I first became aware of the so-called "naked short selling" problem in late 2004 when I encountered an article written by an "Internet" journalist who stated that "naked short selling" was responsible for the bankruptcy of thousands of companies and the loss of trillions of dollars of investors' capital. Intrigued by such a claim, I sought examples of companies who had been victimized by this practice. Since late 2004, I have examined the financials of scores of companies supposedly damaged by "naked short selling". In all of my research, I have found a consistent trend that seems to occur again and again, with few exceptions, with every company where it's been claimed that "naked short selling" has been a destructive force.
That trend I've discovered is that a company will raise capital, then the company will recklessly burn through the capital they've raised.
Managements and promoters will draw lavish salaries, stock grants, benefits, and other fee income. Then, when the company's capital has been exhausted, the company will blame its problems on "naked short selling". Some of these companies have been quite successful in convincing their shareholders that "naked short sellers" are responsible for their losses. In fact, many of those victimized shareholders, and at least one promoter of such a company, have taken the time to write comments on the proposed Amendments to Regulation SHO that now appear on the SEC website. Their names are recognizable to anyone who follows the comments left on numerous internet message boards about this "problem".
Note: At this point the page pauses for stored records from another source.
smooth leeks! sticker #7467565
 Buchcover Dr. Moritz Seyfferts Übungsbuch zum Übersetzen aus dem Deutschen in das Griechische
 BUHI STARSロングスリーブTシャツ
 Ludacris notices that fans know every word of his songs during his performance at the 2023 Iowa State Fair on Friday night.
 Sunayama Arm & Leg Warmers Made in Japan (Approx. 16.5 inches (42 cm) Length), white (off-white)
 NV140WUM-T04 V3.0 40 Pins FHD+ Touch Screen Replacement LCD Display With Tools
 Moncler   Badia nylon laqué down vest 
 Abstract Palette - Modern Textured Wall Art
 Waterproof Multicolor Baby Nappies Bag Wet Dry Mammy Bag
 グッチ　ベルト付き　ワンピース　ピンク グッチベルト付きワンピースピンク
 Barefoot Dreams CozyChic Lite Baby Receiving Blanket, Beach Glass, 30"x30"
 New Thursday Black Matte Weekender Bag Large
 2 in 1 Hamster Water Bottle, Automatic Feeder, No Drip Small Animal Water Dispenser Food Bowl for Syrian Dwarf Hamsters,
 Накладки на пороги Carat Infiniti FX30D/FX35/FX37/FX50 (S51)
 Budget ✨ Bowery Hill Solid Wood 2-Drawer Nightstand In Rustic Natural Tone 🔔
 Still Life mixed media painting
There are three recent examples of companies and a manager that have been the subject of SEC regulatory action where investors remain convinced that the problem with their investments rests with "naked short selling". CMKM Diamonds, a clear-cut example of a vehicle that Urban Casavant used to dump hundreds of BILLIONS of shares of worthless stock on naive investors, attracted over 40,000 investors, many of whom remain convinced that their losses are the result of "naked short selling". Many of these investors continue to remain confident in CMKM Diamonds as a company, and Urban Casavant as a manager, despite the fact that CMKM Diamonds wasn't even preparing or submitting their required financial filings as these investors were buying their shares.
Recently revoked Eagletech, another company whose delinquency in preparing and submitting required financial filings extended for years, managed to make itself the topic of a prime-time television show's expose on "naked short selling" and garnered the support of hundreds of shareholders who insisted that "naked short selling" had destroyed the company. Very few people took the time or the trouble to read Eagletech's last 10Q that they filed. Had they done so, they would have found a company that had racked up
$18.3 million of operating losses. Of those losses, $15.6 million were attributable to general & administrative (management) expenditures. This "development" stage company spent less than $720 thousand on capital equipment and $313 thousand on R&D. This clearly is another example of a company that was built to clean out shareholders, yet many Eagletech investors to this day blame "naked short sellers" for their losses.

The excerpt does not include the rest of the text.